- **SOURCE DATA**:
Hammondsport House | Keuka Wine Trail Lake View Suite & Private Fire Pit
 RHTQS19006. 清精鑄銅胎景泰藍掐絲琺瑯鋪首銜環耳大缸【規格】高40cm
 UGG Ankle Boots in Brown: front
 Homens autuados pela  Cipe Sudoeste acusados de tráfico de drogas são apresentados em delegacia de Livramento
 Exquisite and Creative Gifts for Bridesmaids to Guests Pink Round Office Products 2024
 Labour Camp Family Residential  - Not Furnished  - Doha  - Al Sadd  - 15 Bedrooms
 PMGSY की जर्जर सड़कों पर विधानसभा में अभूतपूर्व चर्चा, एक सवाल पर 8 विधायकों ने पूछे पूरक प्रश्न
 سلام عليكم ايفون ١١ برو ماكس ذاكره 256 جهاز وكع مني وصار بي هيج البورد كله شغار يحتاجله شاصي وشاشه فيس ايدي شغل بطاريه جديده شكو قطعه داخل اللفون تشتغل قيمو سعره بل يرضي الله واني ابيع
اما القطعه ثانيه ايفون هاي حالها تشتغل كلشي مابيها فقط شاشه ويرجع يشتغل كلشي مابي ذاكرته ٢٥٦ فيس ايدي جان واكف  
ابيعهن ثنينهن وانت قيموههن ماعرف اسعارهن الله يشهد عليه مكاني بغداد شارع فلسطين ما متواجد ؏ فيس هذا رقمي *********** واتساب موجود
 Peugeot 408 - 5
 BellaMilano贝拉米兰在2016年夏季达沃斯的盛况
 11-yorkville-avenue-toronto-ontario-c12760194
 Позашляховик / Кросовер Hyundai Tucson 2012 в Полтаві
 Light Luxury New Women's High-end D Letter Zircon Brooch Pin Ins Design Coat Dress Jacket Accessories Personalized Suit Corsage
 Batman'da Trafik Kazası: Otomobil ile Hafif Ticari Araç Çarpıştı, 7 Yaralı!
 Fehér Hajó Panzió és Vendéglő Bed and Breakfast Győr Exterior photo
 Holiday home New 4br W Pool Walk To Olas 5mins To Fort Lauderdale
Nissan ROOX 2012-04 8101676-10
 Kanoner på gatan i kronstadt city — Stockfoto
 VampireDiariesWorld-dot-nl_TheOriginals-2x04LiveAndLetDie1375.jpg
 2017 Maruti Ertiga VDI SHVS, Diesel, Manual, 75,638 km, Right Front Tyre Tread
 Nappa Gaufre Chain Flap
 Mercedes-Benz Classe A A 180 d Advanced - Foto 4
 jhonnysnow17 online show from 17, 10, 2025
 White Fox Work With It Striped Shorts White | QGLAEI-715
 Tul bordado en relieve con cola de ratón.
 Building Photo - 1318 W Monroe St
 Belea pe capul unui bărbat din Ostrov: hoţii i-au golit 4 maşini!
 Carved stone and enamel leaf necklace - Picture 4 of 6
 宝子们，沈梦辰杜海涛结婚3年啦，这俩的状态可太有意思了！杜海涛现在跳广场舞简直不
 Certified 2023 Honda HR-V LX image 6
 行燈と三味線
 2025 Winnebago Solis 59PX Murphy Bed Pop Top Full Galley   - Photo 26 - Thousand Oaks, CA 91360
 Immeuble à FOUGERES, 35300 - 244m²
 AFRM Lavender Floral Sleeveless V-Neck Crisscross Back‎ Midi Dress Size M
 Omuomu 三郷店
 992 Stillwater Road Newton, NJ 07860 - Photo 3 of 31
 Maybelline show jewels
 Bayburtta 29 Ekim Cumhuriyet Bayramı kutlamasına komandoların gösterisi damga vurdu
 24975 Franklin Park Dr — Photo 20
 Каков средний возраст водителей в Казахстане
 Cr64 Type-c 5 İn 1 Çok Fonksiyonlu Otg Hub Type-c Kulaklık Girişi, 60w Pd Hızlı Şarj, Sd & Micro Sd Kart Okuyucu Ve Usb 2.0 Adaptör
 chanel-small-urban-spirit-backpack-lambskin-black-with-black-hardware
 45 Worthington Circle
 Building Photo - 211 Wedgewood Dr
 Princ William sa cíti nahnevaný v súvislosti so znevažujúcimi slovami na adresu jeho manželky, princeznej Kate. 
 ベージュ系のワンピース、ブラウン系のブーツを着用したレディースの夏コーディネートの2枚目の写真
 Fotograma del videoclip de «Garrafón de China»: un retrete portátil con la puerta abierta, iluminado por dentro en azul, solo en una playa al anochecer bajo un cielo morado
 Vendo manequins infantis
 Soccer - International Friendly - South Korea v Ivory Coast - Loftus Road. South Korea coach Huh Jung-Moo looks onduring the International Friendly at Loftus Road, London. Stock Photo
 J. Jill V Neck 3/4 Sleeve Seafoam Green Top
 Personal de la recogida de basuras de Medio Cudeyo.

- **PROBLEM DESCRIPTION**: Respond with the lines above, from the one that holds "ベージュ系のワンピース、ブラ" to the end of the listing, each repeated exactly, and with no other material.

- **EXERCISE SOLUTION**:
 ベージュ系のワンピース、ブラウン系のブーツを着用したレディースの夏コーディネートの2枚目の写真
 Fotograma del videoclip de «Garrafón de China»: un retrete portátil con la puerta abierta, iluminado por dentro en azul, solo en una playa al anochecer bajo un cielo morado
 Vendo manequins infantis
 Soccer - International Friendly - South Korea v Ivory Coast - Loftus Road. South Korea coach Huh Jung-Moo looks onduring the International Friendly at Loftus Road, London. Stock Photo
 J. Jill V Neck 3/4 Sleeve Seafoam Green Top
 Personal de la recogida de basuras de Medio Cudeyo.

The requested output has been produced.